Is there any plan to add support for Mixtral 8x22B?

We are supporting Mixtral 8x7B already, so adding Mixtral 8x22B might not be too difficult unless there are some unexpected other changes between these two architectures beside their different sizes. I'd be nice to add it some time.

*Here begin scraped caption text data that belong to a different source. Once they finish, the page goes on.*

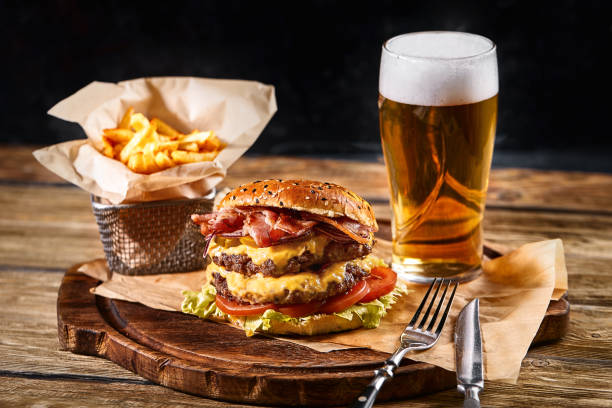 delicious hot spicy black burger with chili pepper and glass of beer on cutting board on white wood table - close to food and drink yummy food imagens e fotografias de stock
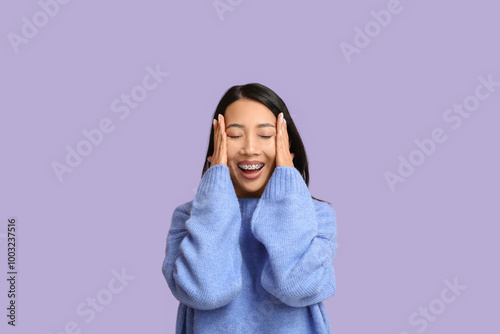 Young Asian woman laughing ...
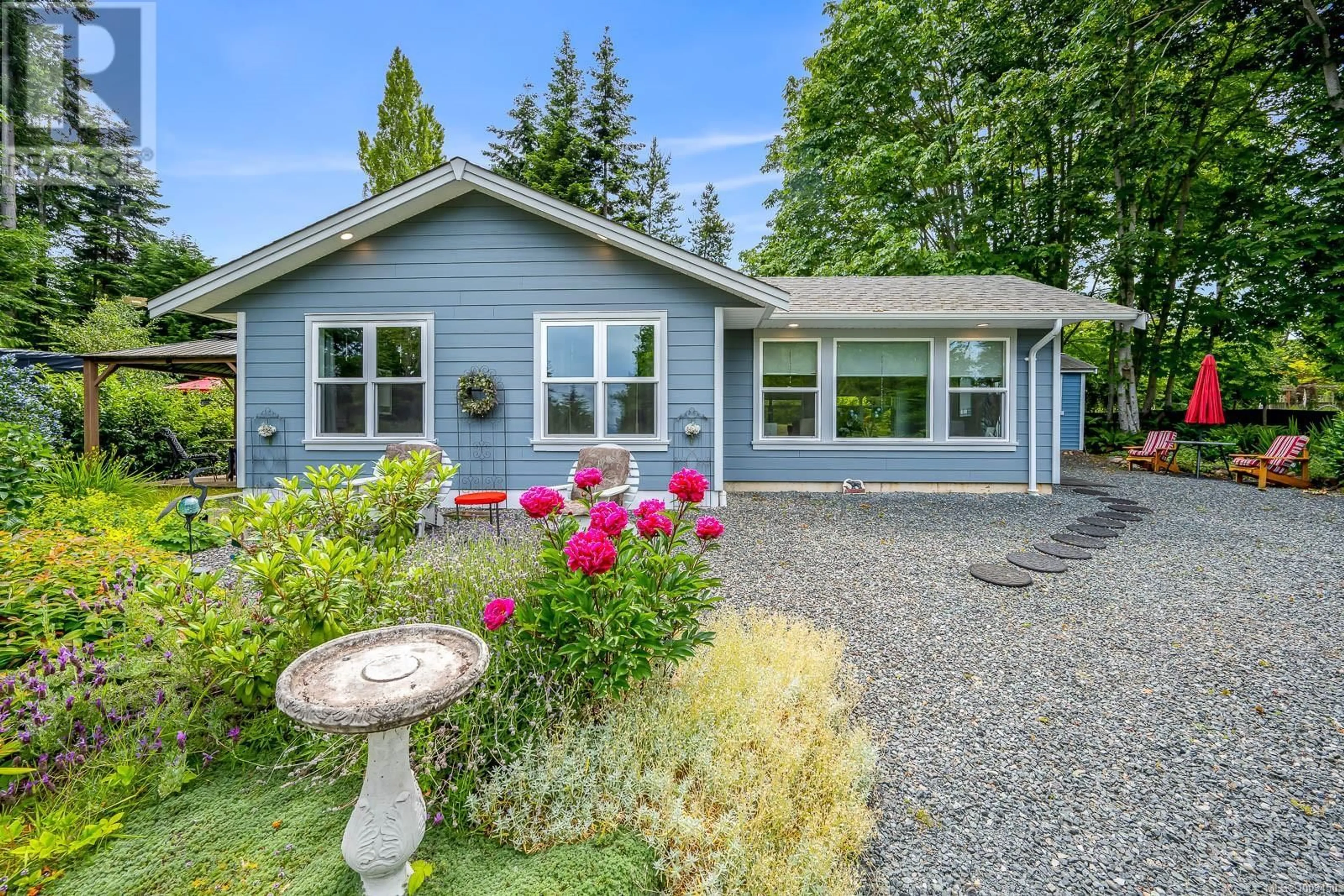 Home with vinyl exterior material, street for 4550 MAPLE GUARD DRIVE, Bowser British Columbia V0R1G0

Looking at the hub, I think the config we need for this is

    dict(
        name="Mixtral-8x22B-{}v0.1",
        hf_config=dict(org="mistralai", name="Mixtral-8x22B-{}v0.1"),
        padded_vocab_size=32000,
        block_size=65536,
        n_layer=56,
        n_query_groups=8,
        rotary_percentage=1.0,
        parallel_residual=False,
        bias=False,
        norm_class_name="RMSNorm",
        norm_eps=1e-05,
        mlp_class_name="LLaMAMoE",
        intermediate_size=16384,
        n_head=48,  # double-check
        rope_base=1000000,
        n_expert=8,
        n_expert_per_token=2,
    ),
]

but I haven't double-checked yet. It's a lot of weights (>600GB) to download.

Any update on this?

Right now, given that there are so many other things to do, I haven't had that on my priority list. But we'd be happy about contributions if you are interested in adding this model.